This section provides sample source data and examples for you to understand how to use the functions. Create a table named emp and insert the sample data into the table. Sample commands:

create table if not exists emp
   (empno bigint,
    ename string,
    job string,
    mgr bigint,
    hiredate datetime,
    sal bigint,
    comm bigint,
    deptno bigint);
tunnel upload emp.txt emp;

The emp.txt file contains the following sample data:

7369,SMITH,CLERK,7902,1980-12-17 00:00:00,800,,20
7499,ALLEN,SALESMAN,7698,1981-02-20 00:00:00,1600,300,30
7521,WARD,SALESMAN,7698,1981-02-22 00:00:00,1250,500,30
7566,JONES,MANAGER,7839,1981-04-02 00:00:00,2975,,20
7654,MARTIN,SALESMAN,7698,1981-09-28 00:00:00,1250,1400,30
7698,BLAKE,MANAGER,7839,1981-05-01 00:00:00,2850,,30
7782,CLARK,MANAGER,7839,1981-06-09 00:00:00,2450,,10
7788,SCOTT,ANALYST,7566,1987-04-19 00:00:00,3000,,20
7839,KING,PRESIDENT,,1981-11-17 00:00:00,5000,,10
7844,TURNER,SALESMAN,7698,1981-09-08 00:00:00,1500,0,30
7876,ADAMS,CLERK,7788,1987-05-23 00:00:00,1100,,20
7900,JAMES,CLERK,7698,1981-12-03 00:00:00,950,,30
7902,FORD,ANALYST,7566,1981-12-03 00:00:00,3000,,20
7934,MILLER,CLERK,7782,1982-01-23 00:00:00,1300,,10
7948,JACCKA,CLERK,7782,1981-04-12 00:00:00,5000,,10
7956,WELAN,CLERK,7649,1982-07-20 00:00:00,2450,,10
7956,TEBAGE,CLERK,7748,1982-12-30 00:00:00,1300,,10

Filter expressions

  • Limits

    • Only built-in aggregate functions of MaxCompute support filter expressions. UDAFs do not support filter expressions.

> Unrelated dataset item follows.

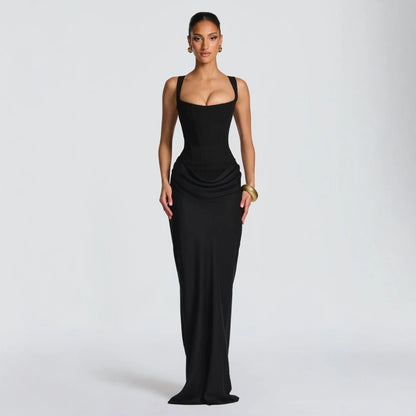 Women Slim Fit Corset Dress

    • COUNT(*) cannot be used with filter expressions. Use the COUNT_IF function with filter expressions.

  • Syntax

    <aggregate_name>(<expression>[,...]) [filter (where <where_condition>)]
  • Description

    All aggregate functions support filter expressions. If you specify a filter condition, only the row data that meets the filter condition can be passed to the related aggregate function for data processing.

  • Parameters

    • aggregate_name: required. The name of the aggregate function. Select an aggregate function that is described in this topic based on your business requirements.

    • expression: required. The parameters of the aggregate function that you select. Specify this parameter based on the description of the aggregate function that you select.

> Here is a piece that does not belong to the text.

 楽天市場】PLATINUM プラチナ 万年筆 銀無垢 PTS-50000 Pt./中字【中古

    • where_condition: optional. The filter condition. For more information about where_condition, see WHERE clause (where_condition).

  • Return value

    For more information, see the description of the return value for each aggregate function.

  • Sample statement:

    select sum(sal) filter (where deptno=10), sum(sal) filter (where deptno=20), sum(sal) filter (where deptno=30) from emp;

    The following result is returned:

    +------------+------------+------------+
    | _c0        | _c1        | _c2        |
    +------------+------------+------------+
    | 17500      | 10875      | 9400       |
    +------------+------------+------------+

ANY_VALUE

  • Syntax

    any_value(<colname>)
  • Description

    Returns a random value from a specific column. This function is an additional function of MaxCompute V2.0.

  • Parameters

    colname: required. The name of a column, which can be of any data type.

  • Return value

    The data type of the return value is the same as the data type of the colname parameter. If the value of the colname parameter is null, the row that contains this value is not used for calculation.

  • Examples

    • Example 1: Select one of the employees. Sample statement:

      select any_value(ename) from emp;

      The following result is returned:

      +------------+
      | _c0        |
      +------------+
      | SMITH      |
      +------------+
    • Example 2: Use this function with GROUP BY to group all employees based on the deptno column and select one employee from each group. Sample statement:

      select deptno, any_value(ename) from emp group by deptno;

      The following result is returned:

      +------------+------------+
      | deptno     | _c1        |
      +------------+------------+
      | 10         | CLARK      |
      | 20         | SMITH      |
      | 30         | ALLEN      |
      +------------+------------+

APPROX_DISTINCT

  • Syntax

    approx_distinct(<colname>)
  • Description

    Returns the approximate number of distinct input values in a specified column. This function is an additional function of MaxCompute V2.0.

  • Parameters

    colname: required. The name of the column from which duplicates need to be removed.

  • Return value

    A value of the BIGINT type is returned. This function produces a standard error of 5%. If a value of the column that is specified by the colname parameter is null, the row that contains this value is not used for calculation.

  • Examples

    • Example 1: Calculate an approximate number of distinct values in the sal column. Sample statement:

      select approx_distinct(sal) from emp;

      The following result is returned:

      +-------------------+
      | numdistinctvalues |
      +-------------------+
      | 12                |
      +-------------------+
    • Example 2: Use this function with GROUP BY to group all employees by department (deptno) and calculate the approximate number of distinct values in the sal column. Sample statement:

      select deptno, approx_distinct(sal) from emp group by deptno;

      The following result is returned:

      +------------+-------------------+
      | deptno     | numdistinctvalues |
      +------------+-------------------+
      | 10         | 3                 |
      | 20         | 4                 |
      | 30         | 5                 |
      +------------+-------------------+

ARG_MAX

  • Syntax

    arg_max(<valueToMaximize>, <valueToReturn>)
  • Description

    Finds the row in which the value of valueToMaximize is included and returns the value of valueToReturn in the row. This function is an additional function of MaxCompute V2.0.

  • Parameters

    • valueToMaximize: required. The name of a column, which can be of any data type.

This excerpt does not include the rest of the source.